なんだかいつものローブっぽい。あのローブ、お気に入りだと気づいていたんだろうか?
「ソフィア! 大丈夫だったの?!」
懐かしい、綺麗な声に、私は振り向いた。間違いない。
「お母様、お父様!」
そういえば、一度もここに呼んだ事がなかった。ハナも何も言わなかったし。
「ハナが家に飛び込んできたんだ。ソフィアの街が戦争を始めたとな」
「ふっかけられたんですわ。
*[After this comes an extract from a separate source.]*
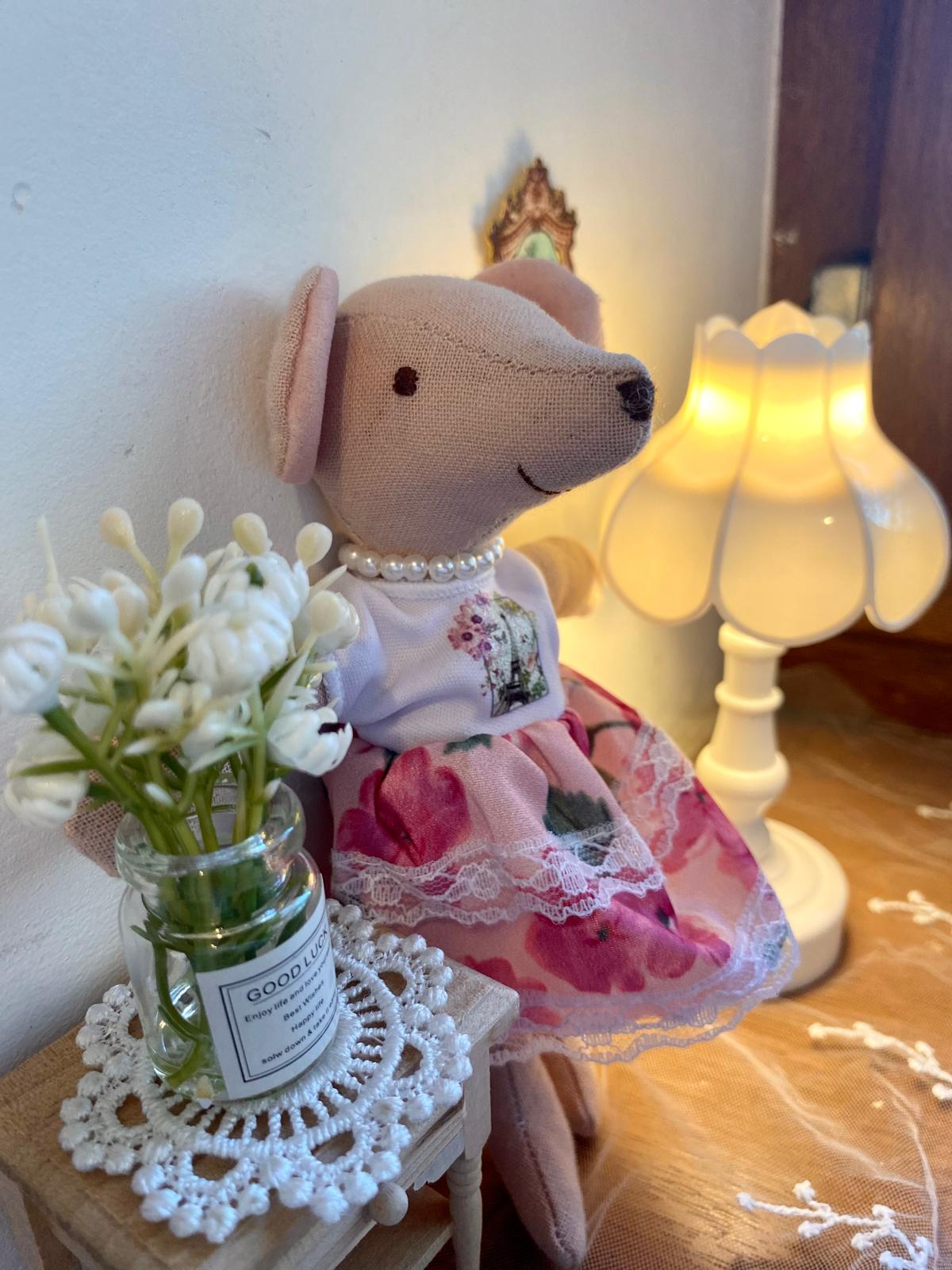 Pelytė Paula – dvaro elegancijos įsikūnijimas 🐭✨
私は戦いたかったわけではありませんから」
私が言うと、二人は笑いながら「ソフィアが戦い仕掛けるなんてありえない」と言っていた。
にしても、久しぶりだ。とても安心する温かさがある。
「そういえば、ジェイドはどこでしょう? 見てないけど……。スカーレット、知ってる?」
近くで話に混ざるタイミングを見計らっていたスカーレットに話を振ってやる。
「え? そういえば。ジェイド、どこかしら……。あの子のことだし……」
ブツブツと一人でつぶやいていた。このまま放っておくわけにもいかないので、紹介。
「私の悪魔。スカーレットです。メイドなわけではありません。少なくとも私の認識では」
「は! ソフィア様のご両親ですね。スカーレットです」
ついでにこちらを覗いているインディゴも。こっちに来るように合図してスカーレットと並んでもらう。
「この子はインディゴ。スカーレットと友達です。もうひとりいるんですが……」
「私がどうかしましたか?」
また、なんて完璧な登場するんでしょう? いつの間にか母の隣にいました。